Items from a dataset:
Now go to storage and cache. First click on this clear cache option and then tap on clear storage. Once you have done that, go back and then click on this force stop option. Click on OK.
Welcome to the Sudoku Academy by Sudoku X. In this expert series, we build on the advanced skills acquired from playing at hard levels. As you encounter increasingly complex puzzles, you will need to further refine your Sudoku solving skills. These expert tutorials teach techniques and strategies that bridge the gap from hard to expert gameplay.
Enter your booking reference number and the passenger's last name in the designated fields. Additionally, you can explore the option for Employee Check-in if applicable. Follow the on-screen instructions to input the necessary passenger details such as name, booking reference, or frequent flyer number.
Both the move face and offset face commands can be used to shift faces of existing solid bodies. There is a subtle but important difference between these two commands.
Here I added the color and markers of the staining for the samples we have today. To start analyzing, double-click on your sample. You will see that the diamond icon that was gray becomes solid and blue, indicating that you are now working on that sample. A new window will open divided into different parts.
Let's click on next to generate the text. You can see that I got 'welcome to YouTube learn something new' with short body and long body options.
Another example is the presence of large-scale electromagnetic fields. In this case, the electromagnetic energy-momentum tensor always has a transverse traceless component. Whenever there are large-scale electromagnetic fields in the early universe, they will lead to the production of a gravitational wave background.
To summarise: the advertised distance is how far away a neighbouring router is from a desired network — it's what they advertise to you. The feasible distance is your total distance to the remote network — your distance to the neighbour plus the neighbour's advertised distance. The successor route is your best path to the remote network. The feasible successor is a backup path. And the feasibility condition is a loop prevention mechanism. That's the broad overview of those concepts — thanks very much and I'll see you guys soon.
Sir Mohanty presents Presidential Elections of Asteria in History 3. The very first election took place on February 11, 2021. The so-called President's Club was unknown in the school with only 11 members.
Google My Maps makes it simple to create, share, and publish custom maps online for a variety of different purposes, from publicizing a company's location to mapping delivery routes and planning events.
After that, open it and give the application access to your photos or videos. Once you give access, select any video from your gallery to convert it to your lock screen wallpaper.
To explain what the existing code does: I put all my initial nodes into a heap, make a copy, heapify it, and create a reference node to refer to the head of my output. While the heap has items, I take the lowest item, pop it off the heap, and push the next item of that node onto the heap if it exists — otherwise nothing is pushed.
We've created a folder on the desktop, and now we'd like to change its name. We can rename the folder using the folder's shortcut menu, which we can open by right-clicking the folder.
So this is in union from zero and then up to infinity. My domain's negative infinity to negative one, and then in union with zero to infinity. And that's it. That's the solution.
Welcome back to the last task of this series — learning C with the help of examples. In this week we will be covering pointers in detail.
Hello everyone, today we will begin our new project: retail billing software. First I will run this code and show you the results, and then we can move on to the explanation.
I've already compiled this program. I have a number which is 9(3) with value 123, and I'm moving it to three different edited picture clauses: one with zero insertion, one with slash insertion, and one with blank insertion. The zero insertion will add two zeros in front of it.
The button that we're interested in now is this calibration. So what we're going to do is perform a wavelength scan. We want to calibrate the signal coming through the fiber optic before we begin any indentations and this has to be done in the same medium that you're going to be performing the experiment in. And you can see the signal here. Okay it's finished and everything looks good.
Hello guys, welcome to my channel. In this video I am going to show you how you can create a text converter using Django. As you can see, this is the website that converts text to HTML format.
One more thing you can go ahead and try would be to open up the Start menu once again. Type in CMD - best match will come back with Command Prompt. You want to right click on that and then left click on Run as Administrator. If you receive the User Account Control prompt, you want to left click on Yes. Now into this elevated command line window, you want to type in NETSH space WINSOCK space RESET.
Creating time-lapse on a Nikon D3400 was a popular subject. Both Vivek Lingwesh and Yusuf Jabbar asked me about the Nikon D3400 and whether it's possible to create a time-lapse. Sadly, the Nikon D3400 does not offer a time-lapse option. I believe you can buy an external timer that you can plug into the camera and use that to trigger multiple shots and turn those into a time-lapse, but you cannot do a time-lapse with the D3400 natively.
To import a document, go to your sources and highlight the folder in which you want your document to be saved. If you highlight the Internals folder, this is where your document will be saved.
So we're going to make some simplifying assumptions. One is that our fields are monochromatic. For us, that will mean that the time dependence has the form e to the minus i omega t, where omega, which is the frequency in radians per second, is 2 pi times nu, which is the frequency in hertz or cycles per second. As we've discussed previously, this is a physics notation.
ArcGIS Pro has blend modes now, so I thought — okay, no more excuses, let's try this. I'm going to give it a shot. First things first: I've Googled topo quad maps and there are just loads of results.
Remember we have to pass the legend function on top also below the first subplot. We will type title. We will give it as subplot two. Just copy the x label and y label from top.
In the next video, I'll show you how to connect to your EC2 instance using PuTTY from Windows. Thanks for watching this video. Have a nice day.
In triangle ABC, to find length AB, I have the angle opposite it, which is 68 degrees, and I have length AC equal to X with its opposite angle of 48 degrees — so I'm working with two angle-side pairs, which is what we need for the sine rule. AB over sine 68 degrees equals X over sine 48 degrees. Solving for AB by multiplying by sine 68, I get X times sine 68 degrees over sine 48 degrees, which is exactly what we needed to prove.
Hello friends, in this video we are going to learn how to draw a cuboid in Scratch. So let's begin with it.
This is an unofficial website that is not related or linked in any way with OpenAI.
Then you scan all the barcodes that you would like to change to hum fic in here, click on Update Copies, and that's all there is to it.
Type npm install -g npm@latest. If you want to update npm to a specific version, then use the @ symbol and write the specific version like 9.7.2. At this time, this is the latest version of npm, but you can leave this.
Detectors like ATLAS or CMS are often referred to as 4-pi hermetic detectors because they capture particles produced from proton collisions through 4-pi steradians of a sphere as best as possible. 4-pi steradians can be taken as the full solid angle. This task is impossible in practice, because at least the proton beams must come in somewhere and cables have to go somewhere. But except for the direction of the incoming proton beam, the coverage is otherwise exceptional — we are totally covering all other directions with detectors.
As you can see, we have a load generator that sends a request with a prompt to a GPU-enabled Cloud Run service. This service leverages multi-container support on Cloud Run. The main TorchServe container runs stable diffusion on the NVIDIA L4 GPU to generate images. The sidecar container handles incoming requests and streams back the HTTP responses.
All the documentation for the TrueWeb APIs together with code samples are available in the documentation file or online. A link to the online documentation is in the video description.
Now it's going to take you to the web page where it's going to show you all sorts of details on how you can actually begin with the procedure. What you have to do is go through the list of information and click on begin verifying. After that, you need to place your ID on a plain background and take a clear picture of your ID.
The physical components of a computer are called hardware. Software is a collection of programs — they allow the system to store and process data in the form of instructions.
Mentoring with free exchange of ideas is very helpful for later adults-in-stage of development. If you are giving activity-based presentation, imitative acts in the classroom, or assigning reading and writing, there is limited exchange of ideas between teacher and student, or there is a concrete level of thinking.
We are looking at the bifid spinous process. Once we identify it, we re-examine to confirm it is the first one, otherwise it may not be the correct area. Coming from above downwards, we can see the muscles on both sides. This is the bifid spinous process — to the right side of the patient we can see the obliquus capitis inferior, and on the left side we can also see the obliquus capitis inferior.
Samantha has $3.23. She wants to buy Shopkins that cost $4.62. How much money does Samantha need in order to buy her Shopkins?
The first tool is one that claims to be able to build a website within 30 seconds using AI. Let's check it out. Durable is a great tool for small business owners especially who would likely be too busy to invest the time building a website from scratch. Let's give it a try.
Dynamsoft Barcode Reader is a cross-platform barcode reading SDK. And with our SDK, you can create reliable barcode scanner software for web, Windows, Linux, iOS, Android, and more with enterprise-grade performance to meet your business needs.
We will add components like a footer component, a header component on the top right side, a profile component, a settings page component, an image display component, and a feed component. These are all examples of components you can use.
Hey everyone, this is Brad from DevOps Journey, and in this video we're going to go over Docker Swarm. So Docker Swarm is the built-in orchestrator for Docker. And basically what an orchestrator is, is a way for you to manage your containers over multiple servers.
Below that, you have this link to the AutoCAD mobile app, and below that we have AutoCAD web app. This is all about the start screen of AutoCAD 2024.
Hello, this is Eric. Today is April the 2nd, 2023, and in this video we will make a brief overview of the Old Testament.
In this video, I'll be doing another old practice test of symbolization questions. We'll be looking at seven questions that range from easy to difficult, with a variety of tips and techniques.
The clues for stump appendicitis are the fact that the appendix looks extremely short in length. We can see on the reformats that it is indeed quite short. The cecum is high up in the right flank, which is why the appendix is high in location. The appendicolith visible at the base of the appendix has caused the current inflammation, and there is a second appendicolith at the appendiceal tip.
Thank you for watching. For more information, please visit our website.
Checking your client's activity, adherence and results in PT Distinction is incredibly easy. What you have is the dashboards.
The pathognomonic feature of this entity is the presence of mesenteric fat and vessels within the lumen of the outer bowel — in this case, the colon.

_Goal of the exercise_: Look above for the line with "Google My Maps" and the line with "After that, open". Write out those two lines and all the lines between them, exactly, and no others.

_Your solution_:
Google My Maps makes it simple to create, share, and publish custom maps online for a variety of different purposes, from publicizing a company's location to mapping delivery routes and planning events.
After that, open it and give the application access to your photos or videos. Once you give access, select any video from your gallery to convert it to your lock screen wallpaper.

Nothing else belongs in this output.